[[ Data shown, beginning ]]

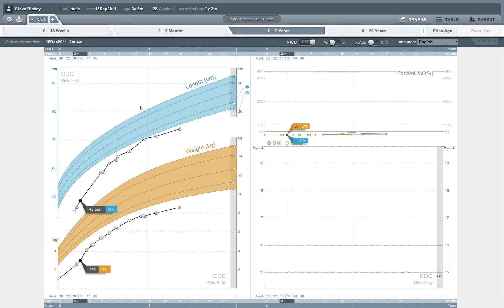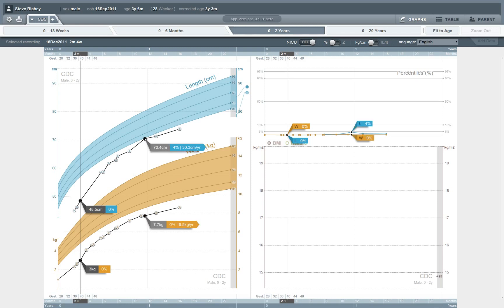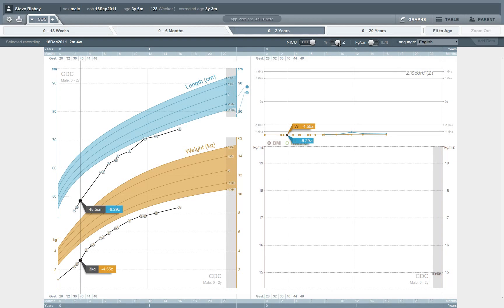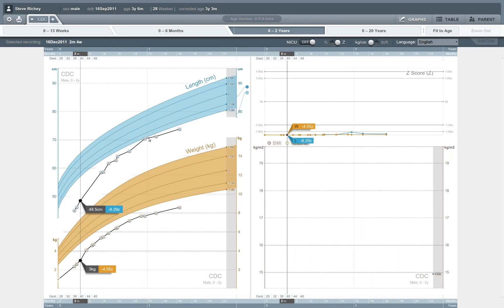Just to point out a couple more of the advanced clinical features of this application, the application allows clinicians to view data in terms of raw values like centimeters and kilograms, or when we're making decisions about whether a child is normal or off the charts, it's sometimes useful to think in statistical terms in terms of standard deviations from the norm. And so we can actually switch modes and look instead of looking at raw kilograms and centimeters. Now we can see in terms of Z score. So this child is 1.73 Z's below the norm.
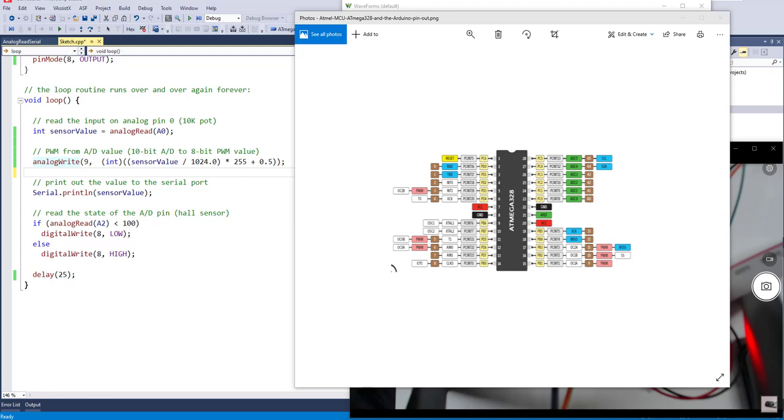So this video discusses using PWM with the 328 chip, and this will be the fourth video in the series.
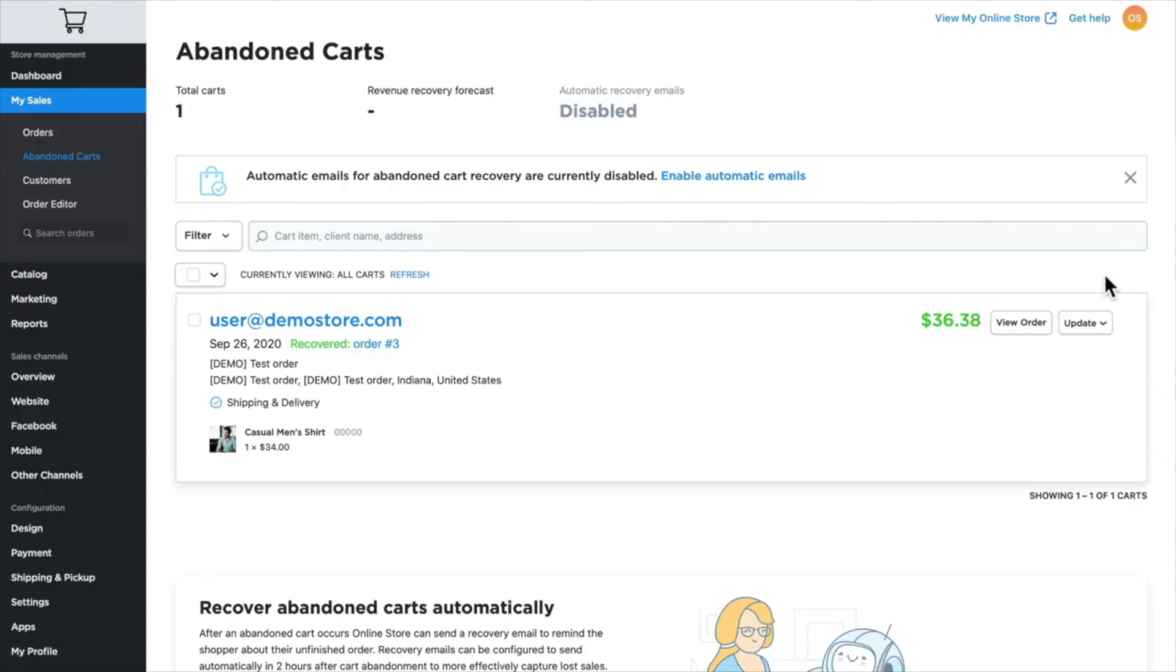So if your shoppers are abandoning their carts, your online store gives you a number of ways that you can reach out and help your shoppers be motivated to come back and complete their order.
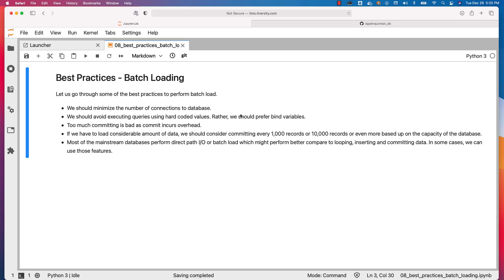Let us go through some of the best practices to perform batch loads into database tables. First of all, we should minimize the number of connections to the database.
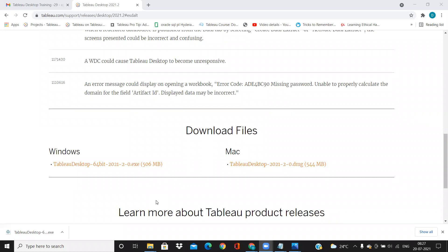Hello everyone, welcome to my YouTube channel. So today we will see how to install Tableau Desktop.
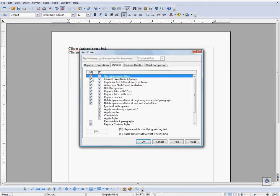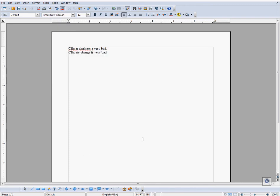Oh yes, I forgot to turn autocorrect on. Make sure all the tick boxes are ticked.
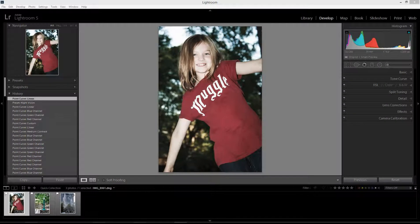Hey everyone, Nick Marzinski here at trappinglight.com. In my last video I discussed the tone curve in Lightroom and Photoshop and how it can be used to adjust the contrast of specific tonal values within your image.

[[ Data shown, end ]]

Task to carry out -> Leaving the pictures aside, transcribe the entire listing exactly.

Answer space ->
Just to point out a couple more of the advanced clinical features of this application, the application allows clinicians to view data in terms of raw values like centimeters and kilograms, or when we're making decisions about whether a child is normal or off the charts, it's sometimes useful to think in statistical terms in terms of standard deviations from the norm. And so we can actually switch modes and look instead of looking at raw kilograms and centimeters. Now we can see in terms of Z score. So this child is 1.73 Z's below the norm.
So this video discusses using PWM with the 328 chip, and this will be the fourth video in the series.
So if your shoppers are abandoning their carts, your online store gives you a number of ways that you can reach out and help your shoppers be motivated to come back and complete their order.
Let us go through some of the best practices to perform batch loads into database tables. First of all, we should minimize the number of connections to the database.
Hello everyone, welcome to my YouTube channel. So today we will see how to install Tableau Desktop.
Oh yes, I forgot to turn autocorrect on. Make sure all the tick boxes are ticked.
Hey everyone, Nick Marzinski here at trappinglight.com. In my last video I discussed the tone curve in Lightroom and Photoshop and how it can be used to adjust the contrast of specific tonal values within your image.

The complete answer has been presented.